Your Strengths and Their Hidden Challenges

enneagram series professional development self-awareness strengths type one type three Jun 09, 2022

Discovering Your Strengths and Their Hidden Challenge

Every person has unique strengths they bring to the world and their work. Our strengths, gifts, and talents come automatically to us so we often don’t even realize how special and unique they are.

Interestingly, we can rely too much on our strengths and overuse them to cope, strategize, or get by. When overdone or overused, our strengths become the source of our greatest challenges.

We want our strengths leading the way, not getting in the way.

When we learn how to recognize our strengths, we can lean into and leverage them in our work life to reach our goals, add value to our team, and increase the efficiency and effectiveness of our work.

Recognizing when we’re relying too much on our strengths and getting stuck allows us the opportunity to overcome or work through our challenges, be a better team player, and show up as our best selves.

Recognize Your Strengths

The strengths we each bring to our work come from the strategy we developed when we were young to make sense of the adult world.

For some, they unconsciously developed a strategy to achieve and accomplish goals to get attention and acceptance. These folks carried this strategy into adulthood and became great at goal setting, taking action, and achieving their goals.

For others, the strategy was to be perfect, to do things the right way, and in doing so, get the feeling of worthiness they desired. These folks used this strategy of perfecting to be extremely competent, detail-oriented, reliable, and hard-working.

Each of our strategies are so ingrained in us that we don’t often see how well, or often, we rely on them and the strengths that come with them like being a goal-setting action taker or a detail-oriented, reliable person.

It’s an innate, automatic part of who we are.

And these strengths serve us well and when utilized properly, help us to achieve our goals, feel productive, and move the needle for our team or business.

So, how do you know what unique strengths you’re already using so you can leverage them for greater levels of both personal and professional fulfillment and success? 

It starts with knowing your Enneagram type.

The Enneagram is a personality map uniquely designed to help you understand how you see the world. It’s the strategy you developed years ago.

Each of us falls into one of the nine Enneagram types. Our type helps us understand the motivations behind all of our actions, reactions, thoughts, and habits. 
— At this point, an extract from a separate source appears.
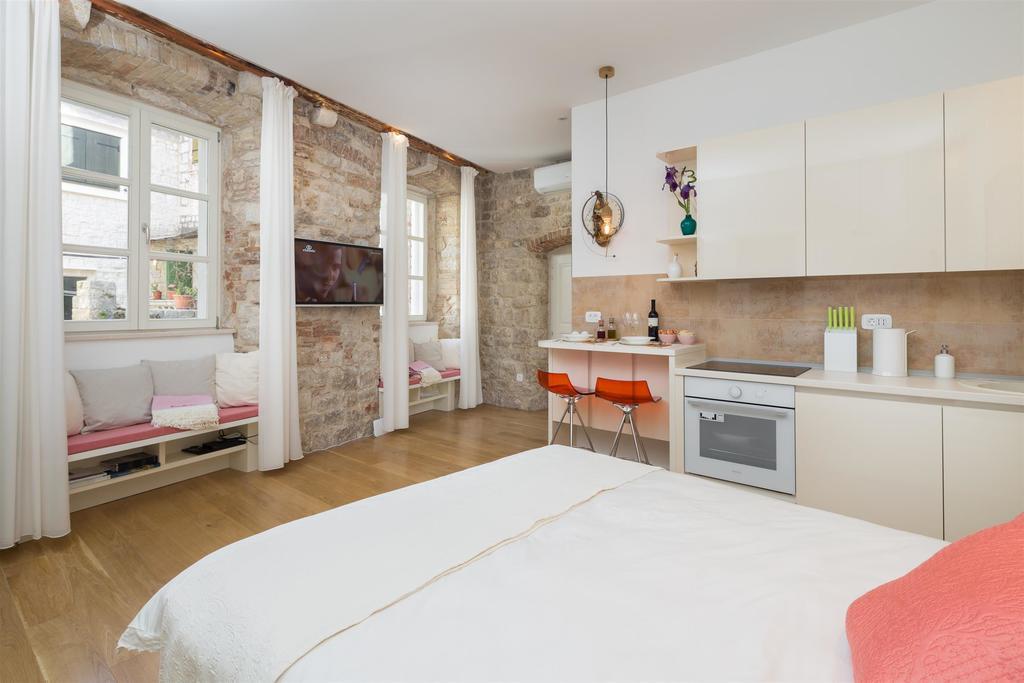 That Place Studio Apartment Trogir Exterior foto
Your Enneagram type can illuminate:

  • your strengths, challenges, & motivations,
  • how you communicate, 
  • what causes you conflict, 
  • how you relate to others,
  • and so much more!

When we know and understand our Enneagram type, we know and understand ourselves exponentially better and can become more self-aware, more proactive in our personal growth, and able to make meaningful decisions and changes that can transform our lives.

The more we know and understand ourselves, we can be more productive, efficient, and able to balance our time in healthy ways.

And our type helps us fully understand our strategies and the strengths that are a natural part of who we are and how we operate.

Our Enneagram-based coaching provides the unique opportunity to learn your type and how it affects all aspects of your life, including your strengths. 

Why your Enneagram type matters

As we mentioned earlier, each of us has a unique strategy we use to get by and show up in the world. This is the basis of our Enneagram type. And what we do, and how we work, are directly impacted by our type.

Our strengths and challenges impact everything we do, so knowing your unique strengths and challenges can make a huge difference between ease and frustration, getting the promotion and stagnating, or enjoying your work and dreading your day.

For example, Enneagram Type Ones are conscientious, hard-working, and detail-oriented. Ones tend to focus on processes and routines, and doing things the very best they can, or even, as perfectly as possible.

Type Ones are great at seeing details, breaking things down into manageable tasks, mapping out timelines, and putting out high-quality work. 

We coach our Type One clients to understand that the strengths of their type are great, but they also come with some challenges.

When Ones rely too heavily on their strengths, like focusing on details, perfecting their work, and getting things “right”, they can unknowingly cause delays, frustration, stress, and resentment.

For example, being contentious and wanting to create high-quality, or perfect, work is great until…

  • it means not setting limits to your work, 
  • working beyond your hours, 
  • potentially missing deadlines, and 
  • being critical of yourself or your work if it’s not perfect.

Being focused on processes, tasks, and routines is great until…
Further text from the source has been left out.